------ RECORDS FOR PROCESSING

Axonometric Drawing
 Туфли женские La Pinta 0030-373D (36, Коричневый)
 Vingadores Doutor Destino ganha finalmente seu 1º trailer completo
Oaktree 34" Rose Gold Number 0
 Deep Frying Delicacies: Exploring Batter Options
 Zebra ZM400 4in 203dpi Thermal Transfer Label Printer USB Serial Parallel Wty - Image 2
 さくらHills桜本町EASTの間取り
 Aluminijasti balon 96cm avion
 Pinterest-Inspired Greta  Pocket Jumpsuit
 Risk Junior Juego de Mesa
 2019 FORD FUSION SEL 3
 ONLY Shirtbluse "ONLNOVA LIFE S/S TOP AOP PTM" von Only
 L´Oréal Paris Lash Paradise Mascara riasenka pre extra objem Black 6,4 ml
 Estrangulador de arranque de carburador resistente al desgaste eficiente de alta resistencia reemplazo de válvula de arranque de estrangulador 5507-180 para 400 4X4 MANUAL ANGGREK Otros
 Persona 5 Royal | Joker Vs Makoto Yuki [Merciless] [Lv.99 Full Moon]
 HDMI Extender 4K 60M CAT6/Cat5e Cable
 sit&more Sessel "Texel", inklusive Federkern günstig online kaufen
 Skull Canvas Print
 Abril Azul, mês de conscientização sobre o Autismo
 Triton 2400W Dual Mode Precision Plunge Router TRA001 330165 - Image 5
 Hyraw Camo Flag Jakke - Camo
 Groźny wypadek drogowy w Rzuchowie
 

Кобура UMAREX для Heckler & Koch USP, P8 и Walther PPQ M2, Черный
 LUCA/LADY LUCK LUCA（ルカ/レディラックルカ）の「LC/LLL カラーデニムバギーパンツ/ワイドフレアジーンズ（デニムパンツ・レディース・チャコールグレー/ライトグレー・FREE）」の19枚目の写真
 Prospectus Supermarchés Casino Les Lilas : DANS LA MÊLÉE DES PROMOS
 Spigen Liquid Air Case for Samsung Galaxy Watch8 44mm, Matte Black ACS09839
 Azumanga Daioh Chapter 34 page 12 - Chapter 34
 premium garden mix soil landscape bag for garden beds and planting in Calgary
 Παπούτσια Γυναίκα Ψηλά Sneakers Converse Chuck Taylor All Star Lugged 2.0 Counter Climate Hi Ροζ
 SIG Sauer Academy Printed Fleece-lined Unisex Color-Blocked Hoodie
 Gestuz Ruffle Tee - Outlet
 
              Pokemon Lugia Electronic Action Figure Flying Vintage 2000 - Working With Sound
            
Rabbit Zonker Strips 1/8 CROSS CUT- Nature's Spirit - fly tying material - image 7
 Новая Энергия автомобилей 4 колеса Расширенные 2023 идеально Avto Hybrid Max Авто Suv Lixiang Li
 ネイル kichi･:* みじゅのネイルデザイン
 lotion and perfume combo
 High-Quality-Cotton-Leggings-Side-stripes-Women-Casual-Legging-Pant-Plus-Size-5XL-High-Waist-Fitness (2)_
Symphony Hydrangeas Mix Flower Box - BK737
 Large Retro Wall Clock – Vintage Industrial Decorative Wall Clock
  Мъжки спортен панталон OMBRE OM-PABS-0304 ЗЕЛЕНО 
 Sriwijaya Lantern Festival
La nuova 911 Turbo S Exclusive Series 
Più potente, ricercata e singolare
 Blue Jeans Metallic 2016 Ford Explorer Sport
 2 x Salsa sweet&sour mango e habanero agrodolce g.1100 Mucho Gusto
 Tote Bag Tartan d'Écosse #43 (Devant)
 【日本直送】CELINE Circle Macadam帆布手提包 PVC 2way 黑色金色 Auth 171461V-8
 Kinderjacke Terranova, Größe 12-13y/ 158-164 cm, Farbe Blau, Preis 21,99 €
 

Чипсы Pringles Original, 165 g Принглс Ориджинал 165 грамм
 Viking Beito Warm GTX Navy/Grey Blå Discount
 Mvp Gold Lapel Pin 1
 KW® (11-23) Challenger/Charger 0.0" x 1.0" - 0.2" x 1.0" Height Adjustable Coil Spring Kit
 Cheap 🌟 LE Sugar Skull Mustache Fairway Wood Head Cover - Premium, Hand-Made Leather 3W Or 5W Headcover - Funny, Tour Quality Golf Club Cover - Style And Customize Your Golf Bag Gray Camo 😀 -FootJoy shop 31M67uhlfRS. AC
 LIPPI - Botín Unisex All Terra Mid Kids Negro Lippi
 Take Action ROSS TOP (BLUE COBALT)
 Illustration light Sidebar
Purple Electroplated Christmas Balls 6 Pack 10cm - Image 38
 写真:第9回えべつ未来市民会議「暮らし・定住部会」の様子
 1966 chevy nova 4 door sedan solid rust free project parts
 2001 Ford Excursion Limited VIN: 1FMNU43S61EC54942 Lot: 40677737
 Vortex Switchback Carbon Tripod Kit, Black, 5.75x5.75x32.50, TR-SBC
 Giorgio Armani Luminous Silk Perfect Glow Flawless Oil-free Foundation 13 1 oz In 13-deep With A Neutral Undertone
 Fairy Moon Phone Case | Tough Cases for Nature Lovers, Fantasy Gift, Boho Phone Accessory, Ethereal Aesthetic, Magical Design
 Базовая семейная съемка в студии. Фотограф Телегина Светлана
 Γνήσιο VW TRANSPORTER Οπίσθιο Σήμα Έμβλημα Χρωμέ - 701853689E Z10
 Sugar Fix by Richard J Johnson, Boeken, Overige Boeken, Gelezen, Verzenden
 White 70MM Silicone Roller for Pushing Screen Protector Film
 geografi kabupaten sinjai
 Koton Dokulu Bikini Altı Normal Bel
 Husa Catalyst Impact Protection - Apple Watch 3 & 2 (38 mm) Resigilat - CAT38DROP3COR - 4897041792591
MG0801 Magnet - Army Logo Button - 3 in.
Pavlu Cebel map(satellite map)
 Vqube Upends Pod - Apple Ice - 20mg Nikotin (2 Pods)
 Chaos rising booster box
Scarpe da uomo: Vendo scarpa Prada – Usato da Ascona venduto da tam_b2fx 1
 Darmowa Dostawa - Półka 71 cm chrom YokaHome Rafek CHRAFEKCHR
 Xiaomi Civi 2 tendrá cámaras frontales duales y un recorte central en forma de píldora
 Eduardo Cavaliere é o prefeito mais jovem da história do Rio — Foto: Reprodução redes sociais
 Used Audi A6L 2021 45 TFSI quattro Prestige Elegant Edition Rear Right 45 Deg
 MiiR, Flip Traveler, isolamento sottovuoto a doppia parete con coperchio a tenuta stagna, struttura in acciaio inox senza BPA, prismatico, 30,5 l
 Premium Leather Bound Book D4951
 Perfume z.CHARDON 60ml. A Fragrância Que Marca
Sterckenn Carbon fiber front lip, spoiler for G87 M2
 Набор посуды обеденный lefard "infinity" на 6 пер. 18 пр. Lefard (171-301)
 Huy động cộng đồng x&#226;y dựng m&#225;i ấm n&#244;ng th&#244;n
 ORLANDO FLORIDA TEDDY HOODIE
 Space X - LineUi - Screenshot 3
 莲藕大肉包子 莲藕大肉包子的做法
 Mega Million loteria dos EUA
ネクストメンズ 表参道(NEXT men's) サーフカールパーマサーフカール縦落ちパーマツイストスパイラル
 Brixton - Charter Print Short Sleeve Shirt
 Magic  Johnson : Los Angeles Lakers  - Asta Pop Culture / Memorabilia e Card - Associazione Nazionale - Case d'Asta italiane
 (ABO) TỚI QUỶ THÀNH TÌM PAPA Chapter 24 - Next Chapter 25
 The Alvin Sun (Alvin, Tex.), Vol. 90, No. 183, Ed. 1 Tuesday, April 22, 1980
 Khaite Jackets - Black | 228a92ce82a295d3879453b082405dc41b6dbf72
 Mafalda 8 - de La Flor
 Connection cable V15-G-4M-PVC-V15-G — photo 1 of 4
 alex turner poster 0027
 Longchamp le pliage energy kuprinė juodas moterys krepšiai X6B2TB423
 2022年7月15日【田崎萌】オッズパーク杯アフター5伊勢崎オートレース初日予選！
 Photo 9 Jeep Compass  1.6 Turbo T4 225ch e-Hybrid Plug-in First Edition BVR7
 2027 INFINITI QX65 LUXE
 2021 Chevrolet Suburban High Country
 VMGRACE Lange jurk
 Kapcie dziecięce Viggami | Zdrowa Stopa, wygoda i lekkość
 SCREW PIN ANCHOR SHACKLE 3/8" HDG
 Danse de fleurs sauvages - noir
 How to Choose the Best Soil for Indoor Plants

------------

**TRY IT:**
In the entries above, which lines hold the string "Black"? Report all of them.

**EXERCISE SOLUTION:**
 L´Oréal Paris Lash Paradise Mascara riasenka pre extra objem Black 6,4 ml
 Spigen Liquid Air Case for Samsung Galaxy Watch8 44mm, Matte Black ACS09839
 Vortex Switchback Carbon Tripod Kit, Black, 5.75x5.75x32.50, TR-SBC
 Khaite Jackets - Black | 228a92ce82a295d3879453b082405dc41b6dbf72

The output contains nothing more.